Task directions: Could you restate word for word only the lines below from the one holding "WEIXIER D895 Fashion" to the one holding "Beverage Coaster (Front)", inclusive, and leave out the pictures?

Entries provided:
■ ■ ■

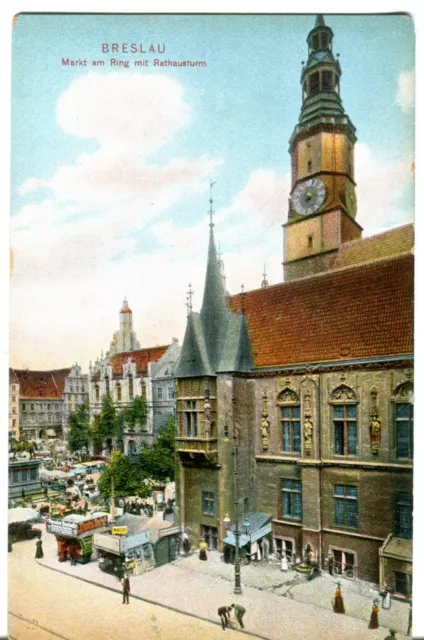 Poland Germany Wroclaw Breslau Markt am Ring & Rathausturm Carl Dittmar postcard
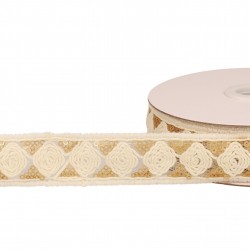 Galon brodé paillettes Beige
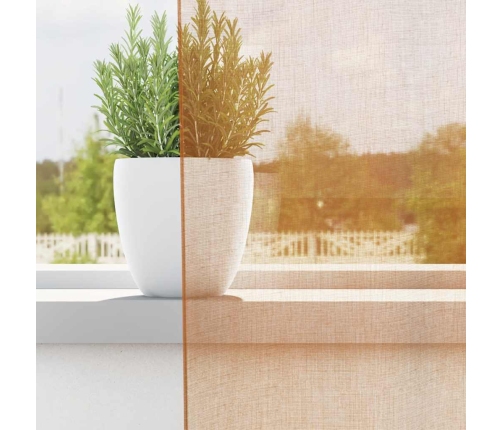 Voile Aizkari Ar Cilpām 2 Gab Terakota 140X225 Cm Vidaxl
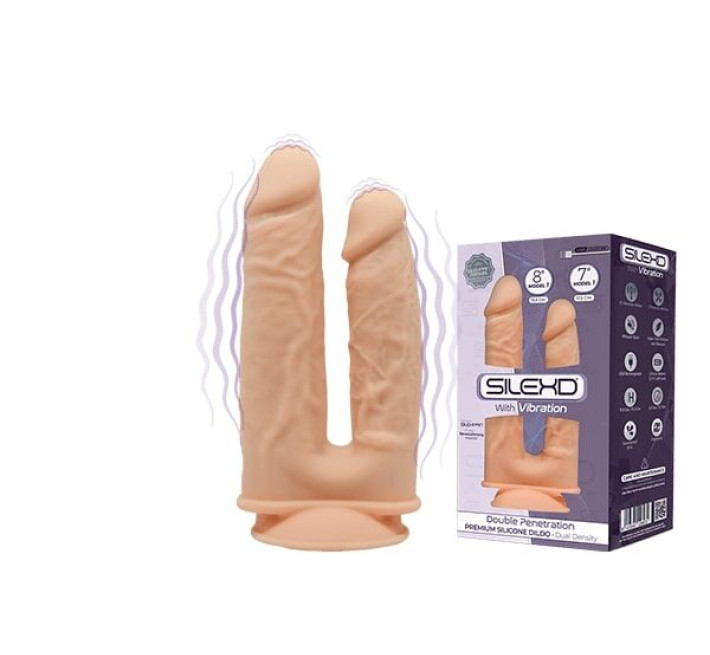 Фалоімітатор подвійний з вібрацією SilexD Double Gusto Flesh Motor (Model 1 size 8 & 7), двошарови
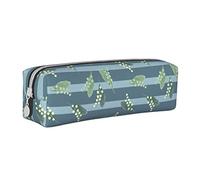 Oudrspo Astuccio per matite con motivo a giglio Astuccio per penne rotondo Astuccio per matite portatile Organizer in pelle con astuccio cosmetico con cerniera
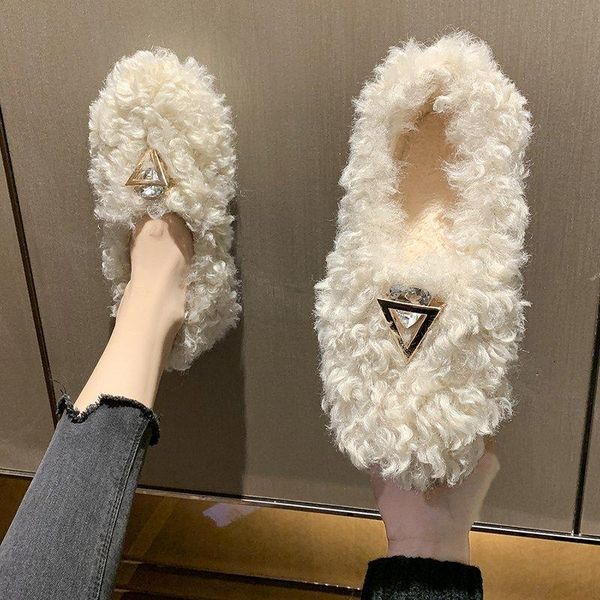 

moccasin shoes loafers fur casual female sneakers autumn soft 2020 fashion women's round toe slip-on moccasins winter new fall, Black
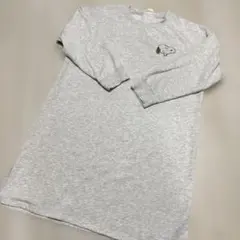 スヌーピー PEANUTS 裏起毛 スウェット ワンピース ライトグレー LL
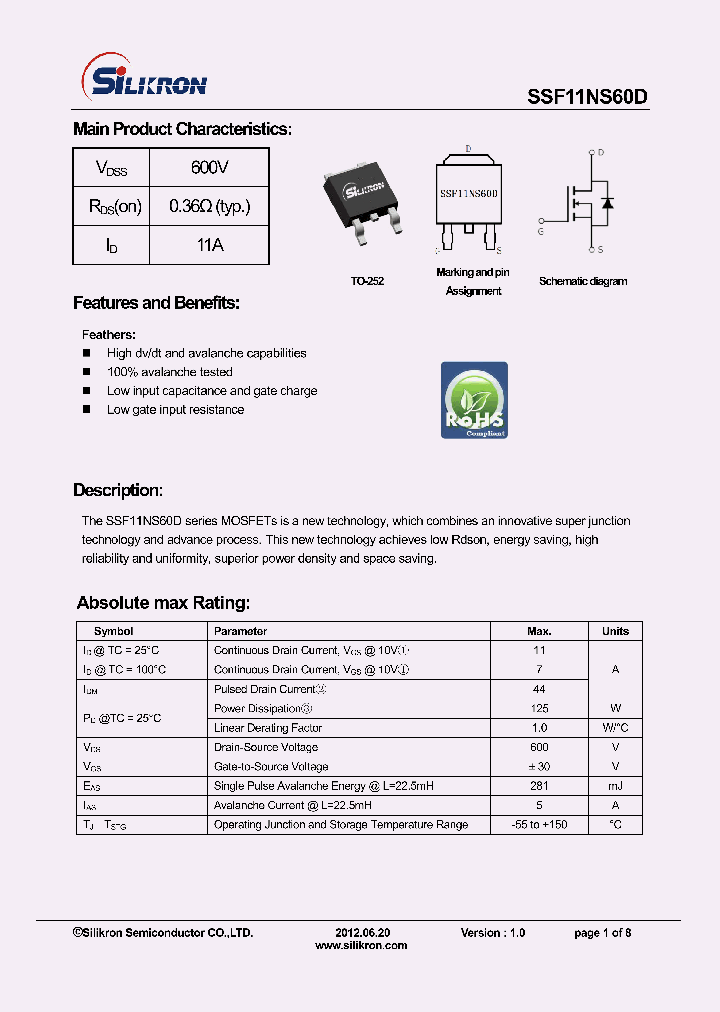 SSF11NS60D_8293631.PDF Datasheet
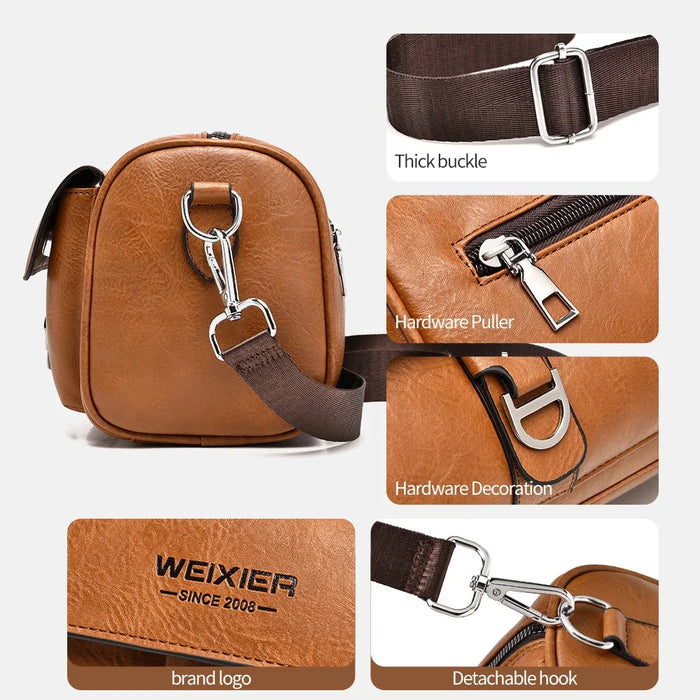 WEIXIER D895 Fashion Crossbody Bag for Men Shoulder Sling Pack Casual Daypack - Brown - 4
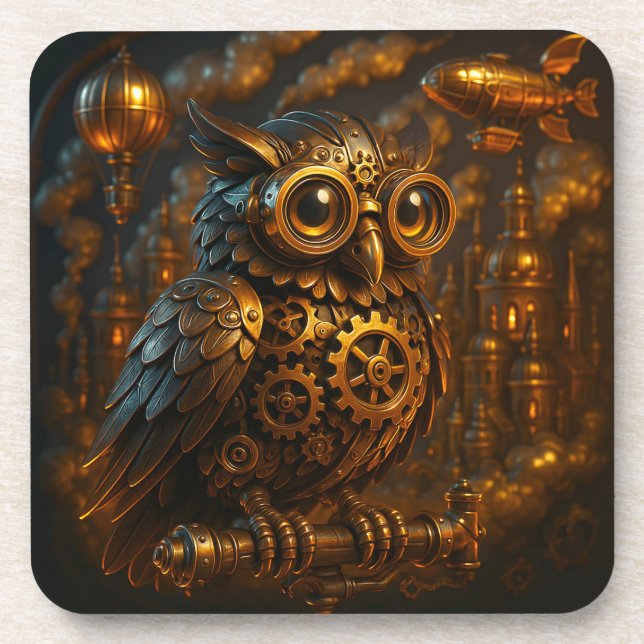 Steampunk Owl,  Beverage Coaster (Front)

■ ■ ■

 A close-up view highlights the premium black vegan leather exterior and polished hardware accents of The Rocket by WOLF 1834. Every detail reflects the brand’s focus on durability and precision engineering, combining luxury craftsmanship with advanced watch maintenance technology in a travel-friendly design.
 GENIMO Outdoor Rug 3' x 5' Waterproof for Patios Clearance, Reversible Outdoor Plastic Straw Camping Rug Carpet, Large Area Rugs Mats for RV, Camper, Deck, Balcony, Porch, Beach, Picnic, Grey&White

■ ■ ■

Solution to the problem:
 WEIXIER D895 Fashion Crossbody Bag for Men Shoulder Sling Pack Casual Daypack - Brown - 4
 Steampunk Owl,  Beverage Coaster (Front)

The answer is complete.